## What needs to be done
Leave out any pictures and transcribe all other data below exactly.

## Dataset section
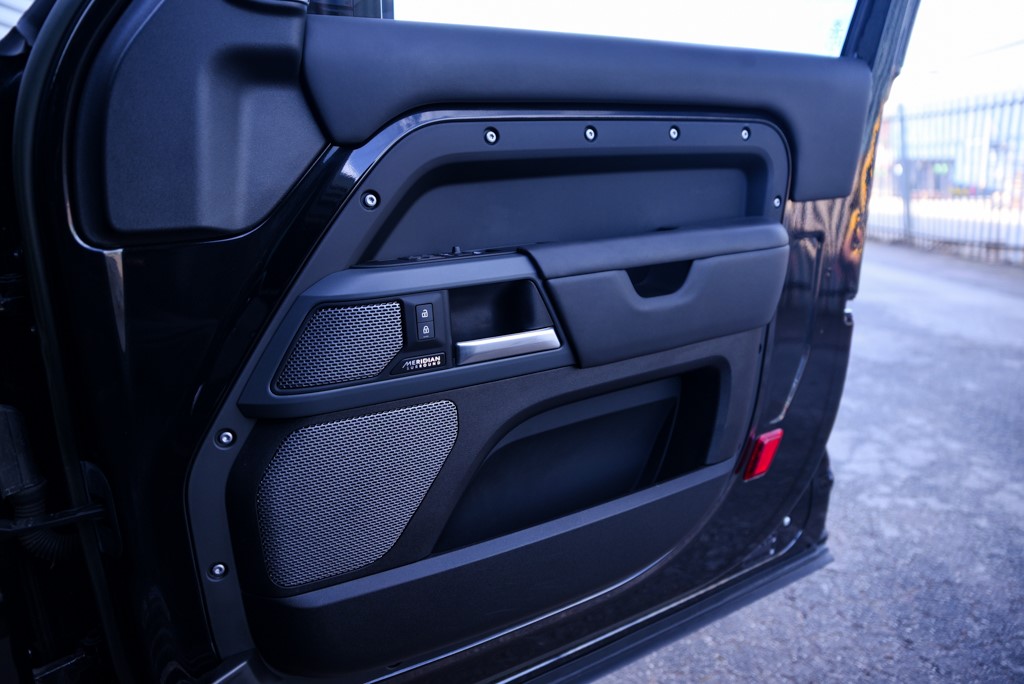 Used Land Rover Defender 90 2023 for sale - 76373059: Photo 33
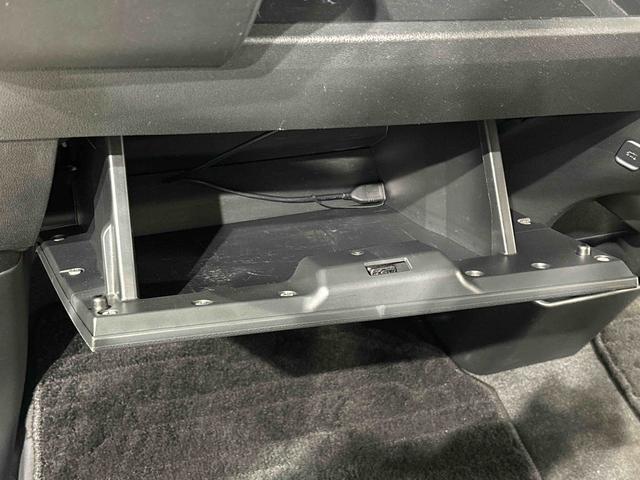 �����Ɏ��o���A���܂��鑽�ʂȎ��[���t���Ă܂�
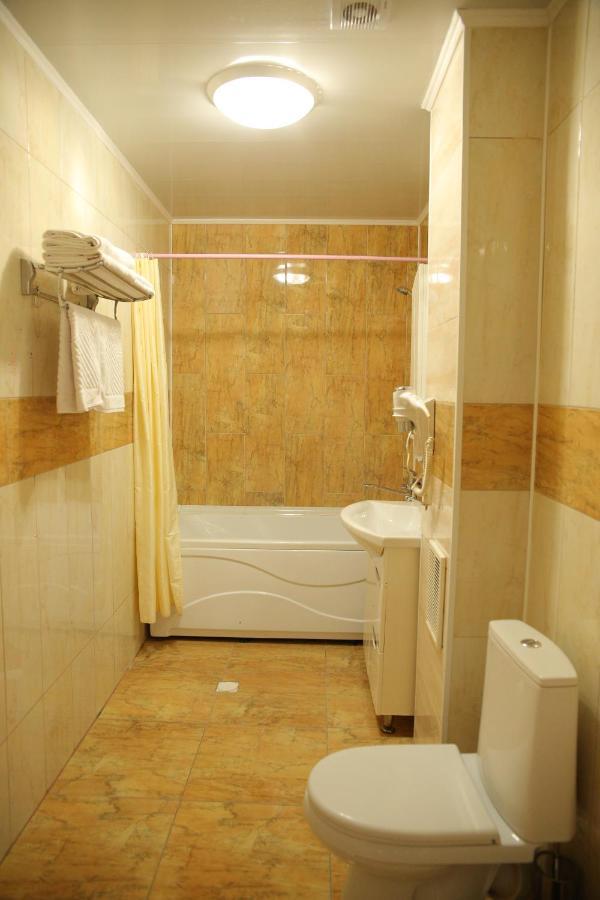 Sweet Home Hotel Atyraū Екстериор снимка
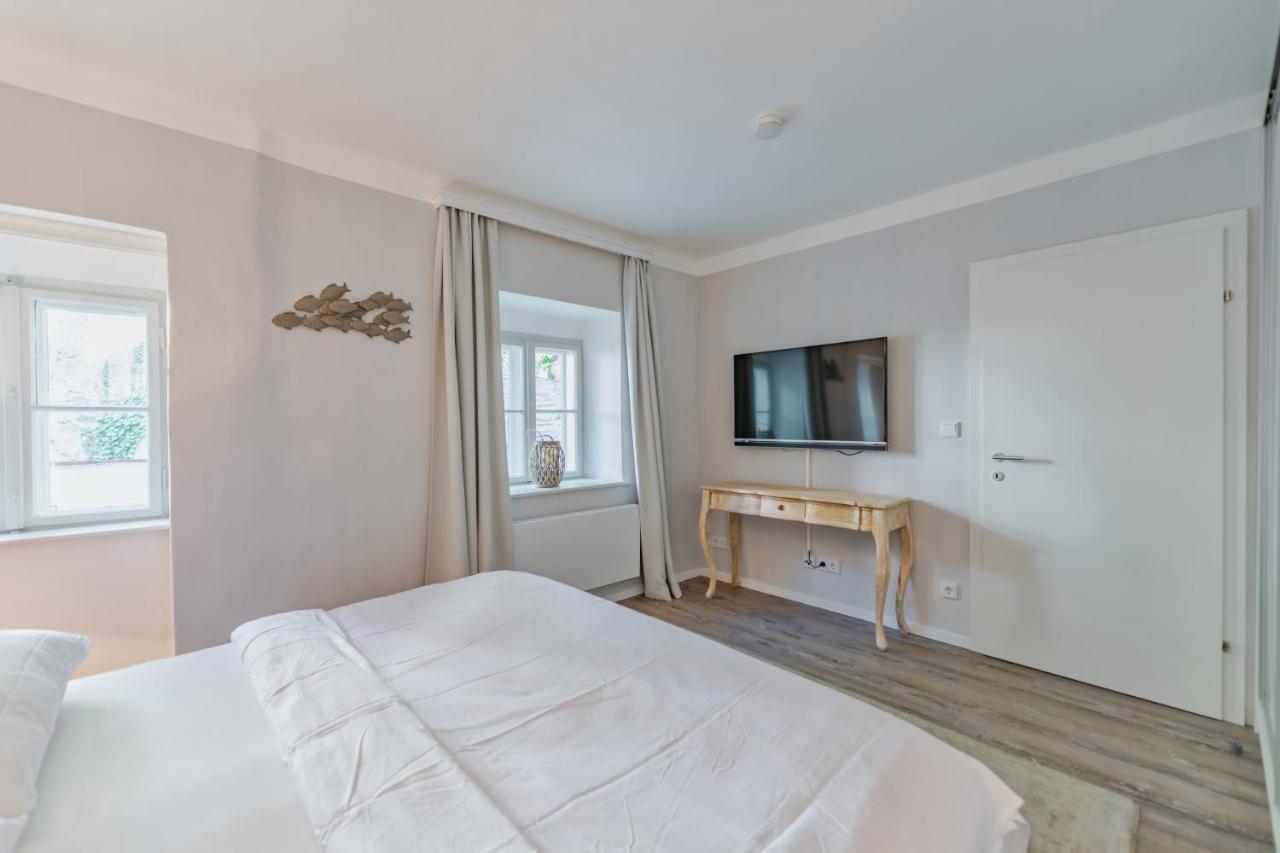 Smile Apartments Zum Goldenen Strauss Дюрнштайн Екстер'єр фото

## Solution for this problem
 Used Land Rover Defender 90 2023 for sale - 76373059: Photo 33
 �����Ɏ��o���A���܂��鑽�ʂȎ��[���t���Ă܂�
 Sweet Home Hotel Atyraū Екстериор снимка
 Smile Apartments Zum Goldenen Strauss Дюрнштайн Екстер'єр фото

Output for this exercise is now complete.